There was a big parking lot at the trailhead. The trail began at one end of the lot; at the other end there were the remains of old railroad tracks that had yet to undergo the "rails to trails" effort. This truly was the beginning of the Katy Trail.
The trail itself was everything wed expected. The first twenty miles were a scenic breeze. We passed farms and fields and amber waves of grain. The smell of flowers was powerful and complemented the scent of manure nicely. The trail had only a modest incline and was nice to ride.
We went across a few old railroad bridges, and as these were the first railroad bridges we had ever crossed, we stopped to investigate each one thoroughly.
Our water was running low as we reached the first town on the trail, Clifton City. As we looked up the road for a store or a water pump or something we spied an old refrigerator in front of an ancient barn. A sign on the refrigerator read, "Honor System." Inside were cans of soda, bottles filled with water, candy bars, and a jar in which to put money.
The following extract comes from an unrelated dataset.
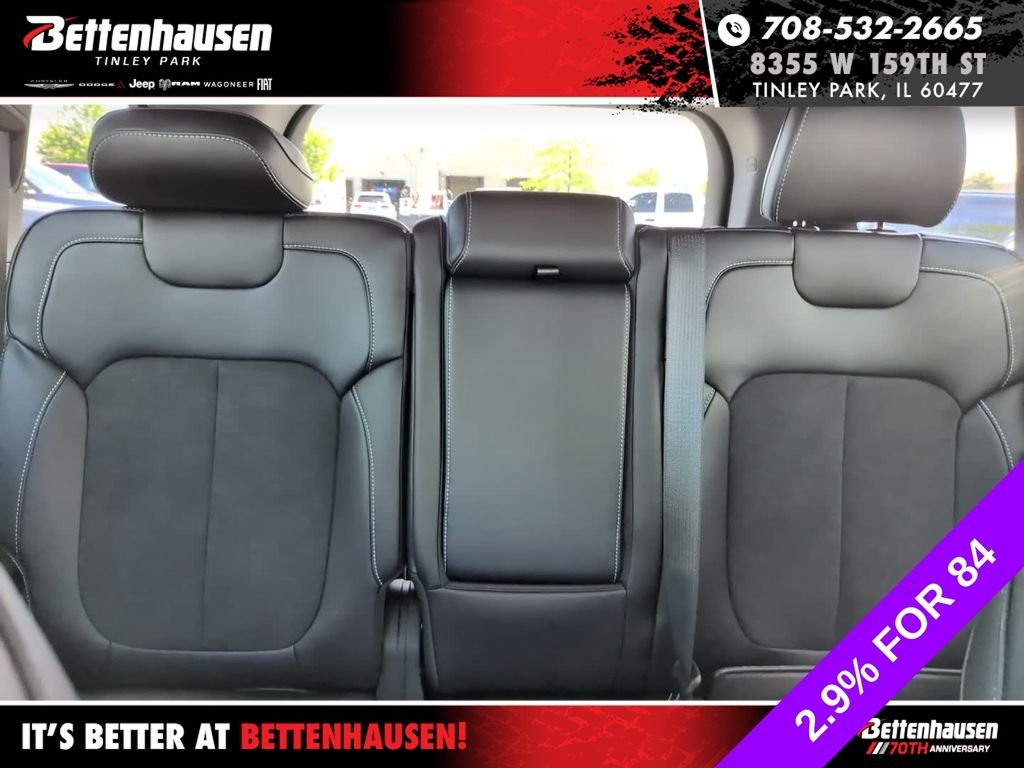 New 2026 Diamond Black Crystal Pearl-Coat Exterior Paint Jeep Altitude image 26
We stocked up, paid, and continued on our way.
Just after Clifton City there was a detour sign posted on the trail. The sign pointed toward an alternate route: straight up a narrow, hilly road. We considered our options for a millisecond, ignored the detour sign, and continue down the trail. It turned out to be a good move: the cause of the detour was light construction that was easily avoided. We met some riders later who told us that the detour was long and dull, with frequent and grueling hills.
It seems that we had misjudged the distance to Boonville, though, and after about 30 miles in 3 hours we began to wonder what wed gotten ourselves into. The trail seemed endless and entirely uphill. The group spread out; we stopped talking to one another and concentrated on finishing the ride.
In Boonville we quickly found a restaurant and ate heartily. Our exhaustion somewhat abated, we got back on our bikes and rode a short way down the trail to the Roundhouse, an excellent trail side campground. We set up camp by flashlight, and as we sat around a fire sipping big bottles of Newcastle and watching the multitude of fireflies in the surrounding trees light up like white Christmas lights, the days ride didnt seem bad at all.